News

Cambridge Residents Slam Council Proposal to Delay Bike Lane Construction

News

‘Gender-Affirming Slay Fest’: Harvard College QSA Hosts Annual Queer Prom

News

‘Not Being Nerds’: Harvard Students Dance to Tinashe at Yardfest

News

Wrongful Death Trial Against CAMHS Employee Over 2015 Student Suicide To Begin Tuesday

News

Cornel West, Harvard Affiliates Call for University to Divest from ‘Israeli Apartheid’ at Rally

Students Protest Apartheid

Student demonstrations against Harvard’s investment in South Africa hit an all-time high after Jesse Jackson spoke at Harvard

By Zoe A. Y. Weinberg, Crimson Staff Writer

On May 2, 1985, furious anti-apartheid protestors flowed into the Lowell House courtyard upon learning that South African Consul-General Abe S. Hoppenstein was speaking to the Conservative Club. Protestors linked arms to create a human barricade, chanting “Conservative Club, what do you say? Would you invite the KKK?”

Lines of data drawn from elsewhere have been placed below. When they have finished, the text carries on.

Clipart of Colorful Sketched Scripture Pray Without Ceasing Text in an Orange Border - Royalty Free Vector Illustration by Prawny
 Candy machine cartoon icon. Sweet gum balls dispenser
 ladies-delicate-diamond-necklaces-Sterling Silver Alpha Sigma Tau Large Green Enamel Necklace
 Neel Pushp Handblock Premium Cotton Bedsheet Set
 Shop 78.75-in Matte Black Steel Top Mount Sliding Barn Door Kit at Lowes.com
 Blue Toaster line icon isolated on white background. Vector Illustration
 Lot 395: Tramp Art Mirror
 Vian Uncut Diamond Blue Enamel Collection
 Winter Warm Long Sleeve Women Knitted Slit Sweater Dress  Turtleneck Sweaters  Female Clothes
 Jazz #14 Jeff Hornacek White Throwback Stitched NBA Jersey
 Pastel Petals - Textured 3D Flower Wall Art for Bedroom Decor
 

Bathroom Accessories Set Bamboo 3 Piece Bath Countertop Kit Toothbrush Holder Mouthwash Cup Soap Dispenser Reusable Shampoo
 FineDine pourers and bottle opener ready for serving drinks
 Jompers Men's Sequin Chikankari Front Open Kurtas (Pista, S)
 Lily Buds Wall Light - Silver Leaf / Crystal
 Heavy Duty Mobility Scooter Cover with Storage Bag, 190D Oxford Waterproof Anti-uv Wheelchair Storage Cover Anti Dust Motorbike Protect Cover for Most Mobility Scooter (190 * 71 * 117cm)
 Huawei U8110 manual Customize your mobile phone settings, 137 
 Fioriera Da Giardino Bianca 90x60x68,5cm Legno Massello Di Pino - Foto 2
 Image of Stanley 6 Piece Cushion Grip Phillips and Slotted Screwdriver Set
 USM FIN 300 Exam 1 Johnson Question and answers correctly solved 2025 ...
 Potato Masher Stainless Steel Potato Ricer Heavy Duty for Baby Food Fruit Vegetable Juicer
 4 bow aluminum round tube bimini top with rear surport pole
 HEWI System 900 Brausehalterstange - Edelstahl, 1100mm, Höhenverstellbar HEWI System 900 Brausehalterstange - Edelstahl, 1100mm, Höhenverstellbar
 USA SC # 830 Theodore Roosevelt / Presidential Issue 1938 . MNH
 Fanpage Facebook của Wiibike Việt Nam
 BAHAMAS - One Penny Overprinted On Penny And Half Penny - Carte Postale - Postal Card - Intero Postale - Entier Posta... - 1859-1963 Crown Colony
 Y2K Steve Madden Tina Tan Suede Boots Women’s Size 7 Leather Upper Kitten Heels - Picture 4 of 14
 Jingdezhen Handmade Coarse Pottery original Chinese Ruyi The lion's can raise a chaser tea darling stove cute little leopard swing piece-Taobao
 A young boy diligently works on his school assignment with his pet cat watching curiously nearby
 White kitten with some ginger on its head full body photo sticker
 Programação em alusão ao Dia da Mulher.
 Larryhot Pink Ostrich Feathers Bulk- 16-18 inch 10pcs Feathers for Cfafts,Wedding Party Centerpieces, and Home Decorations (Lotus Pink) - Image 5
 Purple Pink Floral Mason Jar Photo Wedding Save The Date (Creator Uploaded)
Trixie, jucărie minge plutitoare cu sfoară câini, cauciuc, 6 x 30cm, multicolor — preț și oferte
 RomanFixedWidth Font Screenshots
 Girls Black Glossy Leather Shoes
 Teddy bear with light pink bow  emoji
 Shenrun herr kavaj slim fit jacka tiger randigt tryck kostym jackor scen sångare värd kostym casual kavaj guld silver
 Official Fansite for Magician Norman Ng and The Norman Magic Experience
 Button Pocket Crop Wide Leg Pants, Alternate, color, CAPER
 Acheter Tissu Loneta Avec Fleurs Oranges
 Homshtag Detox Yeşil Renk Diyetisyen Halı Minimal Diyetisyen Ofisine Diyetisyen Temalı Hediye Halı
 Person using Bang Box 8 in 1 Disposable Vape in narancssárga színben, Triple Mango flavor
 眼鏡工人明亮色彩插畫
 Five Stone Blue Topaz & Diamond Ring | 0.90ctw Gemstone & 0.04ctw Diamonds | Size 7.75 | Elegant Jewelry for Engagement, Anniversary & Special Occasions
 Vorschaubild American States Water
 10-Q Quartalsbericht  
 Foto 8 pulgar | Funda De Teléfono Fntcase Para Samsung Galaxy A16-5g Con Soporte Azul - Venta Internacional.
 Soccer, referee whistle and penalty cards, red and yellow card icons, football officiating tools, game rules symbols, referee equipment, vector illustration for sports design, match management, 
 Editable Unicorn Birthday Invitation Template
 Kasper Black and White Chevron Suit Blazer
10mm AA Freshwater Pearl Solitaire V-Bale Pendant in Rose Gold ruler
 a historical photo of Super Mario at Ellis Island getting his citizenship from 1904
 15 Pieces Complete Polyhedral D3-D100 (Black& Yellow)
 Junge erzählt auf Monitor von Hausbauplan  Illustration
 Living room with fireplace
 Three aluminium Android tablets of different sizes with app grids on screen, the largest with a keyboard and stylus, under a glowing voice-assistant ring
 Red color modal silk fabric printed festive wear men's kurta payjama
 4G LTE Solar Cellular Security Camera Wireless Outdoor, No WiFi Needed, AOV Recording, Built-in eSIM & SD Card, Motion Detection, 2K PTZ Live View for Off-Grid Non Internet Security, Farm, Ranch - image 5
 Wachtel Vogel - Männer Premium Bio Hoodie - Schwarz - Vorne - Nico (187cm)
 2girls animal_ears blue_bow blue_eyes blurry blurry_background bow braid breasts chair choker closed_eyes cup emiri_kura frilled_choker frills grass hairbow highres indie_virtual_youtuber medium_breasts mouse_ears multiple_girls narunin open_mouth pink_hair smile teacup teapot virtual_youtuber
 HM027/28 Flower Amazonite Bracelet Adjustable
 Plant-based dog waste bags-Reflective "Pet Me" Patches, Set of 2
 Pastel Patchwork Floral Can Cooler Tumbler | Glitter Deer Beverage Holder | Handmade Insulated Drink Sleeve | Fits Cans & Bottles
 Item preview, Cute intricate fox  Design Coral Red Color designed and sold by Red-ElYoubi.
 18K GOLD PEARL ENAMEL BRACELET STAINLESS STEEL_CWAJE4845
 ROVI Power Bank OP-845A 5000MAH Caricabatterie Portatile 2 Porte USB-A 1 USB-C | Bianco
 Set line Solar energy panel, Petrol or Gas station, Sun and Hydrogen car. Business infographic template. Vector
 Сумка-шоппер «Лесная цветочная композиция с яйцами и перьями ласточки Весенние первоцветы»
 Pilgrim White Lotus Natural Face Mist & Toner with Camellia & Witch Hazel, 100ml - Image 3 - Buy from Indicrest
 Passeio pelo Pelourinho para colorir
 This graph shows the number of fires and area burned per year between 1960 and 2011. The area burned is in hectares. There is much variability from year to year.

The rally quickly dissolved into chaos as student organizers lost control of non-Harvard protestors who joined the demonstration. The sound of shattering glass reverberated through the courtyard, panicking the crowds gathered there. According to an article written at the time, students blockaded Hoppenstein in the Lowell House Common Room for several hours to give him “the experience of thousands of Black and white South Africans jailed in hell-hole prisons.”

Police eventually held back the crowds to relocate Hoppenstein, which resulted in 20 students filing charges of police brutality.

The Lowell House blockade marked the peak of the anti-apartheid protests in the mid-1980s, resulting in disciplinary action for more than a dozen students.

Students from the Southern Africa Solidarity Committee (SASC) staged the protest as part of their efforts to push President Derek C. Bok to divest Harvard’s endowment from companies conducting business with the apartheid government in South Africa.

Though Harvard never fully divested from South Africa, the protests forced the administration to grapple with its role in indirectly financing the apartheid regime, and made a deep impression on the student participants, who said their lives were shaped by the turbulent events.

A BRICK IN THE WALL OF APARTHEID

Anti-apartheid protests began in Cambridge as early as the 1970s and steadily gained momentum, leading to a student take-over of Bok’s office and a torchlight parade in opposition to Harvard’s investments in South Africa in 1978.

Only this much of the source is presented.